That game guaranteed, by creepy Men's Warehouse Voiceover. I like it.


----------



## Dissonance (Jul 21, 2004)

I would've done my normal posting during this, had I not been watching it away from my computer.

I hate games like this. Stings for awhile.


----------



## Hyperion (Dec 5, 2006)

Note: there's a lot of basketball left in this season and the Suns are playing well and in the playoffs. That's all that we need. This year is different from other years in that No 6 CAN beat No 1 in a 7 game series.


----------



## Seuss (Aug 19, 2005)

IceMan23and3 said:


> Note: there's a lot of basketball left in this season and the Suns are playing well and in the playoffs. That's all that we need. This year is different from other years in that No 6 CAN beat No 1 in a 7 game series.



Mr. Bipolar over here.

Went from the most negative fan, to the most optimistic. ahahah


----------



## Dissonance (Jul 21, 2004)

Seuss said:


> Mr. Bipolar over here.
> 
> Went from the most negative fan, to the most optimistic. ahahah


:lol: I thought the same thing in another thread.


----------



## Aylwin (Jan 29, 2007)

Well, I did expect a close game. It's just too bad we were outnumbered on the court. The Suns played well so at least this wasn't a step back in terms of the team coming together. 

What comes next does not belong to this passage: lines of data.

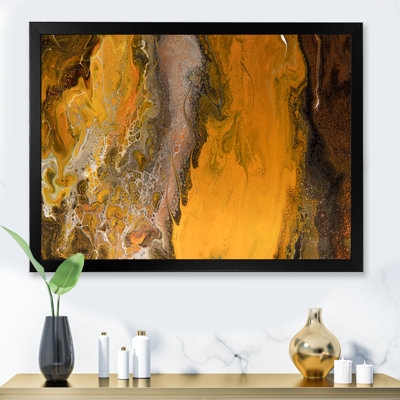 Orange orange, gris et noir, paysage II - reproduction d'art sur toile moderne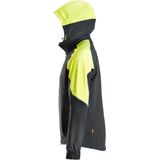 Snickers 8025 Neon Hoodie met Rits - Zwart/Neon Geel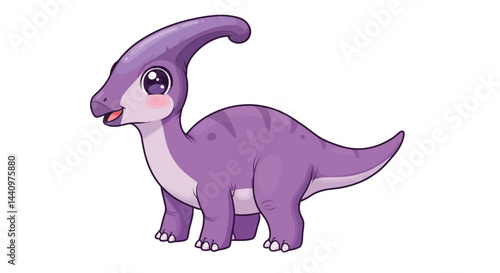 A Cute Cartoonish Parasaurolophus Dinosaur In A Vibrant Purple Color Stands On A White Background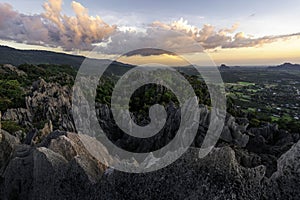 Mountain landscape sunset on the top view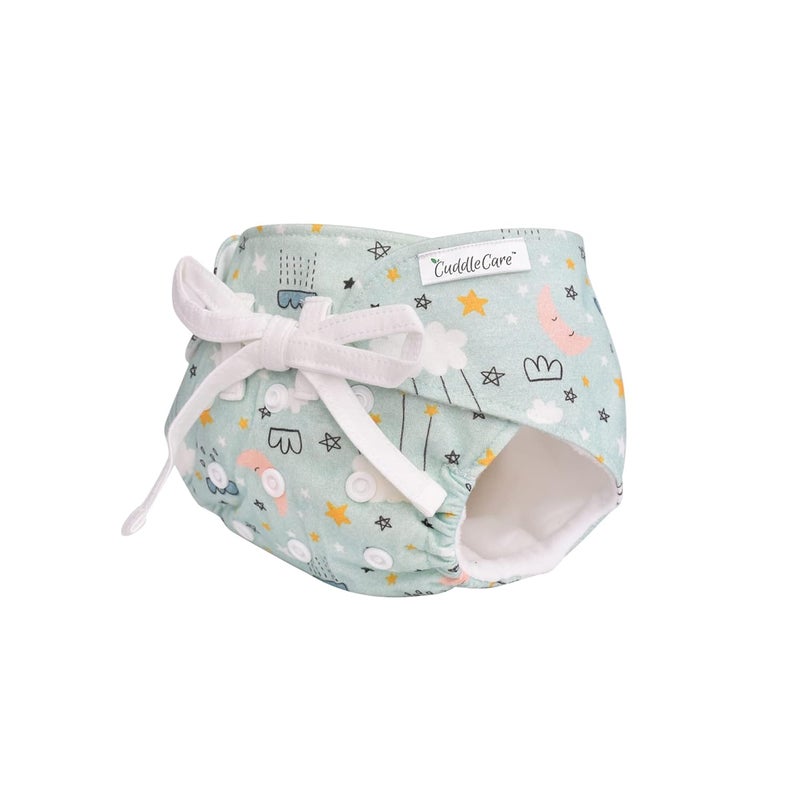 CuddleCare Duo Cloth Diaper for babies For 0-5 months Daiper/Nappy For New Born Babies,Cotton PUL,quick dry thin pads last for 3 hrs Reusable/adjustable/MoonPie - Image 3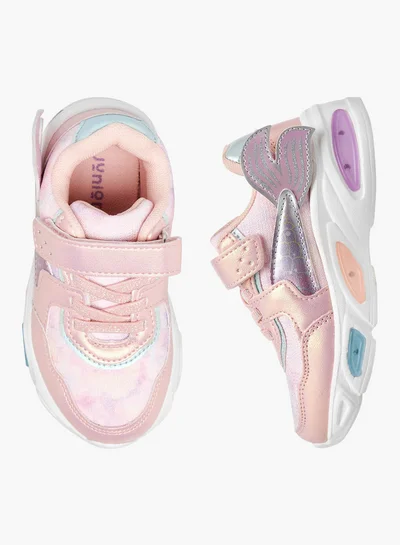 JUNIORS Mermaid Applique Light-Up Sneakers with Hook and Loop Closure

My only concern (again) is the rotation. Nash and Hill played about 40 minutes each and Shaq played 42. That's a lot for a bunch of middle-aged men. We have the toughest schedule in the West for the remainder of the season. That probably means they'll continue to play heavy minutes until the play-offs because D'Antoni won't use the bench in tight games against tough opponents.

The Pistons, on the other hand, played 11 guys and (regardless of officiating) they beat us. But will D'Antoni change? No. Because it's not about doing the right thing anymore. It's about pride, being stubborn, and as a matter of principle insisting that his 8-man rotation works.


----------



## Dissonance (Jul 21, 2004)

Watching the Warriors last couple of nights, you guys don't like the heavymins/short rotation? You'd be glad that Nelson isn't the coach. Jackson, Ellis, and Davis played 50 to 53 mins tonight. So, most, or all of the game and OT. Ellis just came off a 48 min game the night before.


----------



## afobisme (Apr 29, 2006)

hm, it's not just the warriors though - kobe played 52 minutes and lamar played 53. 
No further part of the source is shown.